Can marble tell the worth of Spirit felt Where dust here mingles with its kindred dead: Say there – the faithful friend in silence rests. The Mother whose fond heart was tenderness. The Child whose filial joy of filial love
Now draw the parents hears to realms above, The sister loving constant, true, sincere The Christian meek to Zion precious one

Here rests in Hope

Mrs. Nowlan was the wife of George Galphin Nowlan, 1787-1816, Colonel in the War of 1812. Colonel Nowlan is buried in Memory Hill Cemetery, Milledgeville.

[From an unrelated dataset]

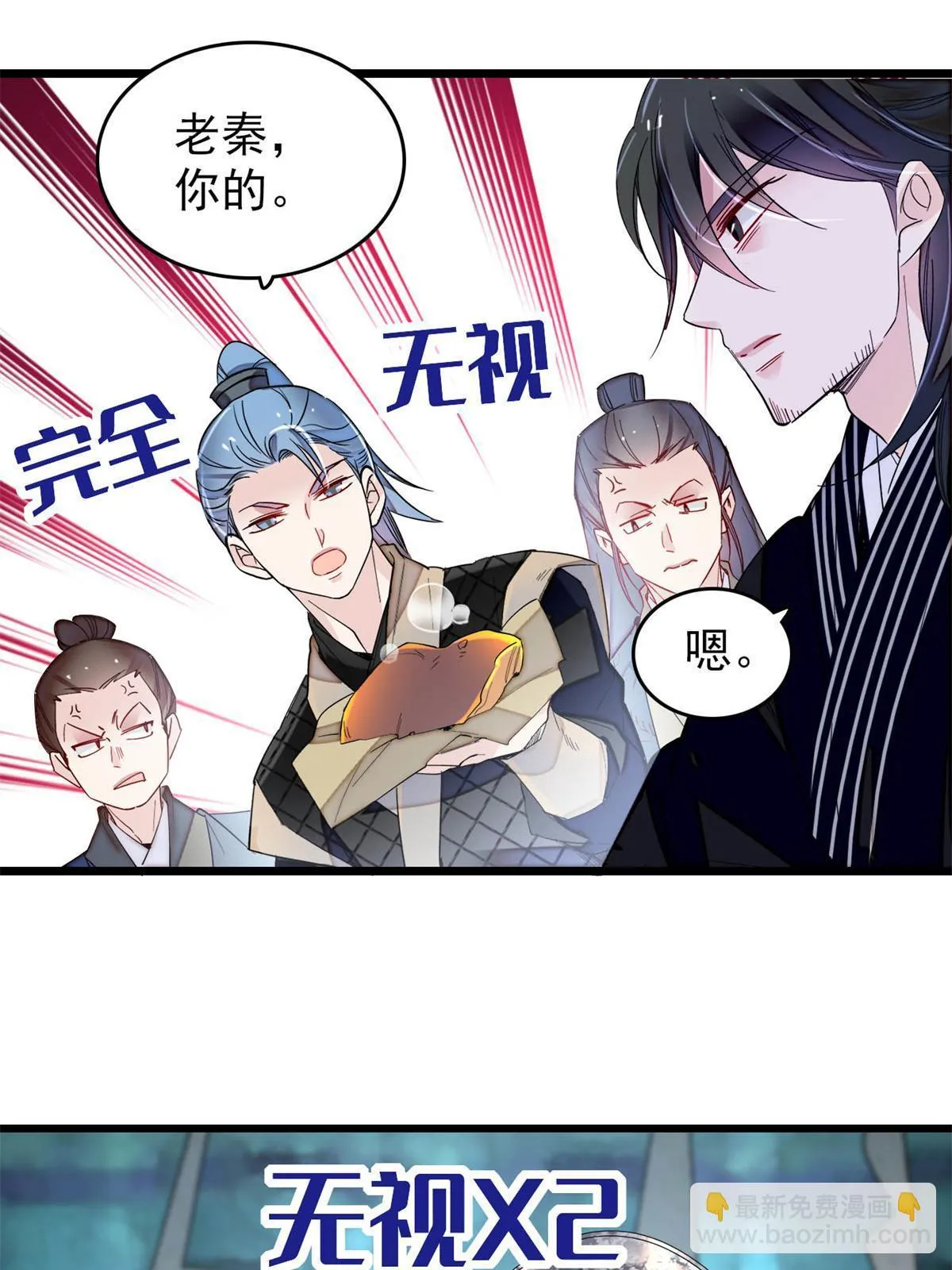 第280话 跟我抢肉？做梦！ 第33页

The tomb is signed by Savannah stonemasons Maxwell & Gow.

Margaret Waldhaur Gugel (8 April 1762-28 September 1844) and David Gugel (21 January 1764-24 April 1842) were the parents of Hannah Nowlan. David Gugel was a private and fifer in the Georgia Militia, enlisted in 1782. He served under General Anthony Wayne, helped build bridges and guard the Ebenezer magazine and the stores at Zubly’s Ferry.

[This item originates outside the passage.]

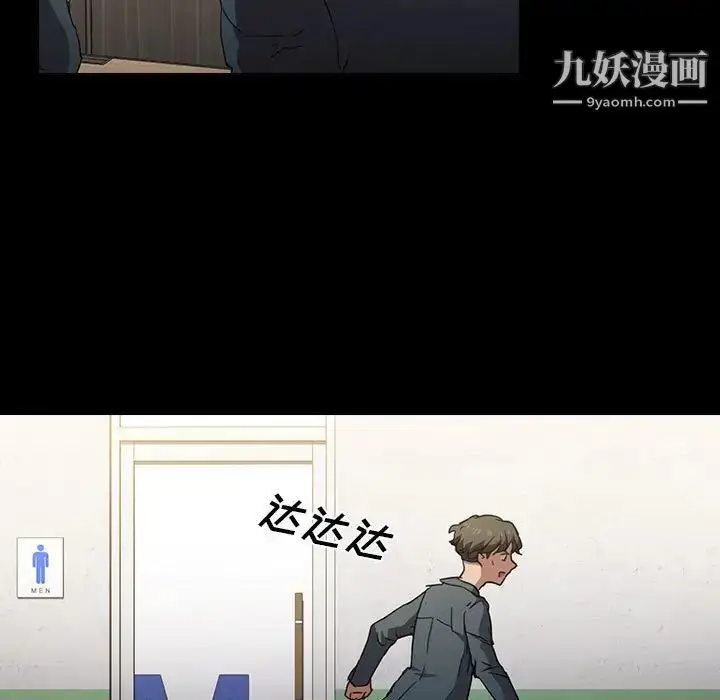 漫画《没种又怎样》第16话第34张图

Mary Ann Gugel Olcott (1797-24 January 1822) Mrs. Olcott was also a daughter of Margaret and David Gugel. She was married to Reverend James S. Olcott. The headstone indicates that two of her babies are buried here, as well.

Detail of headstone of Elizabeth Gugel Charlton (13 February 1793-11 July 1869) Mrs. Charlton was also a daughter of Margaret and David Gugel.

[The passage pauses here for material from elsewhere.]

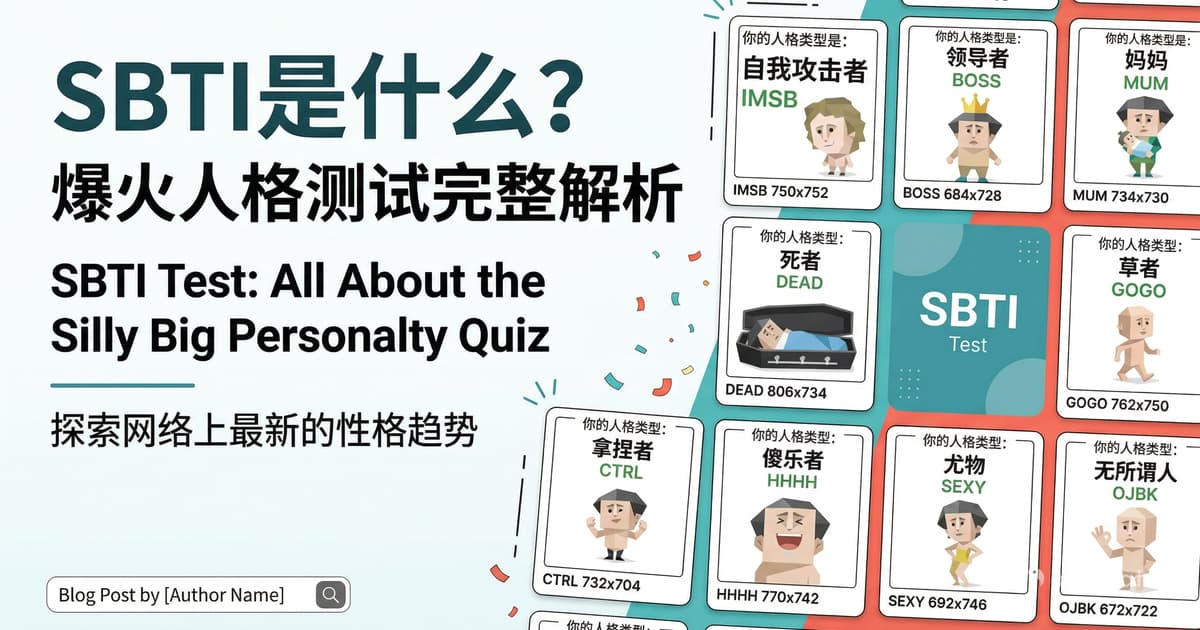 SBTI 是一种病毒式流行的轻量级性格测试概念图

William Bandy (24 October 1799-24 May 1825) and Mary Bandy (16 October 1795-16 October 1825)

Tree of Life tympanum of Sarah Ann Black Zittrouer (14 December 1830-20 December 1899)

Tree of Life tympanum of William Josiah Zittrouer (10 September 1820-4 March 1895). Mr. Zittrouer was a Confederate veteran.

Cast iron boundary marker, Exley lot.

Bessie Margaret Exley (1892-1896)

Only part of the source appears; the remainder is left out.